10.11.1 PULSE_CFG (0x21) register

This register configures the pulse event detection function.

Table 118. PULSE_CFG register

pls_dpa pls_ele pls_zdpefe pls_zspefe pls_ydpefe pls_yspefe pls_xdpefe pls_xspefe

00000000

Table 119. PULSE_CFG bi t descriptions

Field Description

pls_dpa

Double-pulse abort.

0: Double-pulse detection is not aborted if the start of a pulse is detected during the time period specified by the

PULSE_LT CY register.

1: Setting the pls_dpa bit momentarily suspends the double-tap detection if the start of a pulse is detected during the

time period specified by the PULSE_LTCY register and the pulse ends before the end of the time period specified by

the PULSE_LTCY register.

pls_ele Pulse event flag latch enable. When enabled, a read of the PULSE_SRC register is needed to clear the event flag.

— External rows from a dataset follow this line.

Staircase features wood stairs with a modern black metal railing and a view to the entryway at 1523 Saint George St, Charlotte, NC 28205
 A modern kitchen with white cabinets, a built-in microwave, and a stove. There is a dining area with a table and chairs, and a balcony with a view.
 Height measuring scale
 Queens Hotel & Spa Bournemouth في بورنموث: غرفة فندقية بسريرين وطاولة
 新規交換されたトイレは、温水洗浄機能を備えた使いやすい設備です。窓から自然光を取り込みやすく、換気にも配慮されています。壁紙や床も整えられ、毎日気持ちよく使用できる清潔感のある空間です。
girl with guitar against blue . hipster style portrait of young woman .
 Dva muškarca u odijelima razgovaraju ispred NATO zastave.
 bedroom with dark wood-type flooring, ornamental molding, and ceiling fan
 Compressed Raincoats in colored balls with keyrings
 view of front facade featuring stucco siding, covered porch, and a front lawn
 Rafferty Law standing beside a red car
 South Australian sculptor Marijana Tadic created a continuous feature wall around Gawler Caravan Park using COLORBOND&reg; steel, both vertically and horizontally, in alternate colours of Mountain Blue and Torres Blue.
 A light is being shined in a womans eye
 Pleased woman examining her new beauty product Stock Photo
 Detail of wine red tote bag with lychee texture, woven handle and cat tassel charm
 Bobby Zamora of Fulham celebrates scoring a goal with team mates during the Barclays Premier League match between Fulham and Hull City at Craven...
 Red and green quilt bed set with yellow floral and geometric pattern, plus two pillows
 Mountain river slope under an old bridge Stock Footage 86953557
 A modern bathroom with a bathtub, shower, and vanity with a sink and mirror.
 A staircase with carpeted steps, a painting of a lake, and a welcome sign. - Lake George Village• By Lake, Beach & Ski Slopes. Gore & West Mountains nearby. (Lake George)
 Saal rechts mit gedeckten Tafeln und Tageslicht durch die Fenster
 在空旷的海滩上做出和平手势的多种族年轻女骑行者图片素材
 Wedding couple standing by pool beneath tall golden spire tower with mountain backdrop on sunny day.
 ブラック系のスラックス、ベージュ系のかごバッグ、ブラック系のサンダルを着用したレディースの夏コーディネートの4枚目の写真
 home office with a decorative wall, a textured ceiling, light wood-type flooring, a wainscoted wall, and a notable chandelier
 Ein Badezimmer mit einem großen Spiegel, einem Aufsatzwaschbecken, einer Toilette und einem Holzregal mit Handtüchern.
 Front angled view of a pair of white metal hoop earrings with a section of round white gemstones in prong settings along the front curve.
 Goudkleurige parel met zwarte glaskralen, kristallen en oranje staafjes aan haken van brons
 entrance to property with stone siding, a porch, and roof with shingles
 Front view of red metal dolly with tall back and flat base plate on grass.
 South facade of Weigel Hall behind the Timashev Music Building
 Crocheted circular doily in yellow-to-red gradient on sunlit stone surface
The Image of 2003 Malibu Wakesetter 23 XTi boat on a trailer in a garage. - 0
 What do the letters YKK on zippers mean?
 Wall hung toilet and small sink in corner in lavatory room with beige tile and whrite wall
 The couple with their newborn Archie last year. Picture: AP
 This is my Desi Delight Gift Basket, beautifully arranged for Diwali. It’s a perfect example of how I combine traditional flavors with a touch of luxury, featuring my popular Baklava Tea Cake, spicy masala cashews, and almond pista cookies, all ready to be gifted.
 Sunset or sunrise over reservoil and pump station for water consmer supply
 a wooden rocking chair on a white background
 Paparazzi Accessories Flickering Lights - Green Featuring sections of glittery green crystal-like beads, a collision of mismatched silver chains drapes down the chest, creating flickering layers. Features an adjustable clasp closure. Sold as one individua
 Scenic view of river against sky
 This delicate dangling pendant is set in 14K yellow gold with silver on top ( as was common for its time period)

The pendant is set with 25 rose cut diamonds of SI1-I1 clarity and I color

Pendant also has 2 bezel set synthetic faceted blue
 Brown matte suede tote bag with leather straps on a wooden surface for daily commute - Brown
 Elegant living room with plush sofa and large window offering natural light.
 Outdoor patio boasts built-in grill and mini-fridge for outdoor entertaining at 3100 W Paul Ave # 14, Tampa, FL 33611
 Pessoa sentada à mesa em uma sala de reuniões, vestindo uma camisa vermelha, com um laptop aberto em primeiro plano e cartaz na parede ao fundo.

0: Event flag latch disabled

1: Event flag latch enabled

pls_zdpefe Event flag enable on double-pulse event on Z-axis.

0: Event detection disabled

1: Raise event flag on detection of double-pulse event on Z-axis

pls_zspefe Event flag enable on single-pulse event on Z-axis.

0: Event detection disabled

1: Raise event flag on detection of single-pulse event on Z-axis

pls_ydpefe Event flag enable on double-pulse event on Y-axis.

0: Event detection disabled

1: Raise event flag on detection of double-pulse event on Y-axis

pls_yspefe Event flag enable on single-pulse event on Y-axis.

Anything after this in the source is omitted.